L’égérie et fierté de la cité occitane perd un enfant, dans sa douleur elle se consacre aux belles lettres et devient influente dans le monde des arts.
Une structure mère-enfant du CHU de Toulouse porte aujourd’hui son nom ainsi que plusieurs navires de la marine royale et nationale française qui pour honorer la Belle fait dériver le a de Paule vers un o ?!
Les navires affublés de ce nom de volatile ont semble-t-il un destin intéressant:
la première Belle poule transporta Benjamin Franklin ambassadeur des Amériques (et inventeur du paratonnerre ) durant la guerre d’indépendance. Elle se distinguera plus tard en combattant avec succès le navire anglais Aréthusa. Cette victoire fera porter à la cour de Marie-Antoinette la fameuse coiffure « à la belle poule » chignon surmonté d’une maquette !

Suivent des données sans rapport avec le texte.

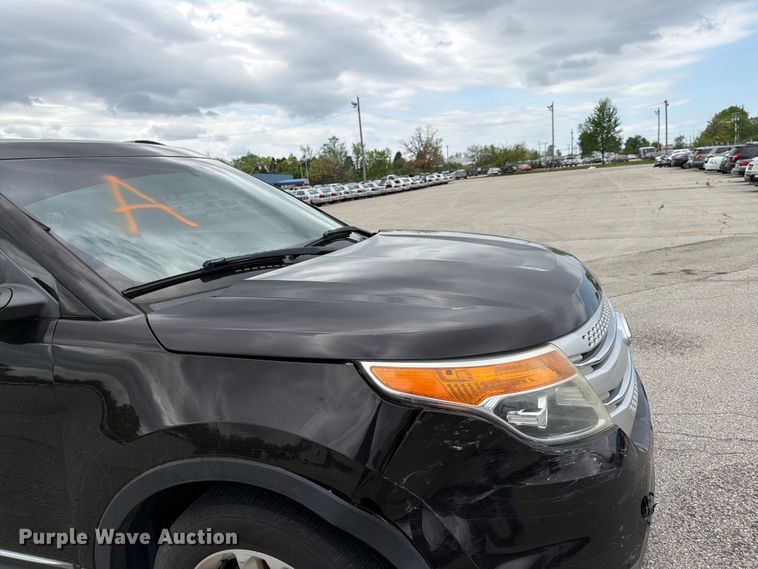 image for item EL0103 2014 Ford Explorer SUV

La seconde Belle Poule sillonne l’océan indien et accoste les comptoirs de la Cie des Indes, elle s’acquitte de missions scientifiques et de son lot de relevés cartographiques, au retour vers la France elle attaque un convoi britannique mais perd la bataille.
La troisième construite en 1834 reste célèbre pour avoir ramené les cendres de Napoléon 1er de Saint-Hélène. La quatrième Belle Poule goélette morutière à hunier de 1931, le voilier-école de la Marine Nationale fait parfois escale à Concarneau .
Curieux usage que d’invoquer un gallinacé pour vanter la beauté et l’intelligence d’une femme … en ce XXIe siècle, en ce 8 mars redonnons-lui son A pour que de basse cour elle entre avec majesté dans la cour des Grandes dames.